SUPPLIED DATA Block Start
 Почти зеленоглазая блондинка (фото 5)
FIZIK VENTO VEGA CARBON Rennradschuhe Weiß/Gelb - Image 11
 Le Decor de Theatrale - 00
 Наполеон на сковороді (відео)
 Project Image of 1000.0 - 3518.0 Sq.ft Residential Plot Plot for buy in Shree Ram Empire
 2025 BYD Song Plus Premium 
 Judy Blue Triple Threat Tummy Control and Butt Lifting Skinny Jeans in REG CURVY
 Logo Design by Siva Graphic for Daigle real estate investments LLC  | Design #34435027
SUPPLIED DATA Block End
SUPPLIED DATA Block Start
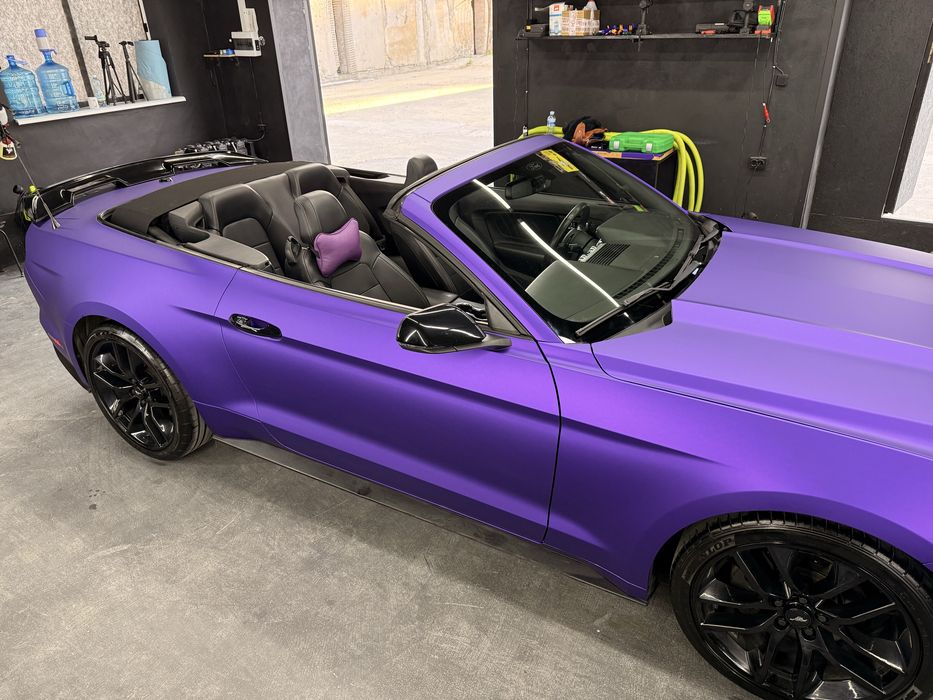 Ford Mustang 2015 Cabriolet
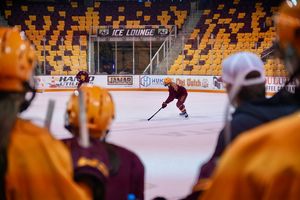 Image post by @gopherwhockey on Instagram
SUPPLIED DATA Block End
**WORK INSTRUCTIONS**
Which lines above run from the one containing "Le Decor de Theatrale - 00" to the one containing "Logo Design by"? Give them again exactly, both ends included.

**EXPECTED OUTPUT**
 Le Decor de Theatrale - 00
 Наполеон на сковороді (відео)
 Project Image of 1000.0 - 3518.0 Sq.ft Residential Plot Plot for buy in Shree Ram Empire
 2025 BYD Song Plus Premium 
 Judy Blue Triple Threat Tummy Control and Butt Lifting Skinny Jeans in REG CURVY
 Logo Design by Siva Graphic for Daigle real estate investments LLC  | Design #34435027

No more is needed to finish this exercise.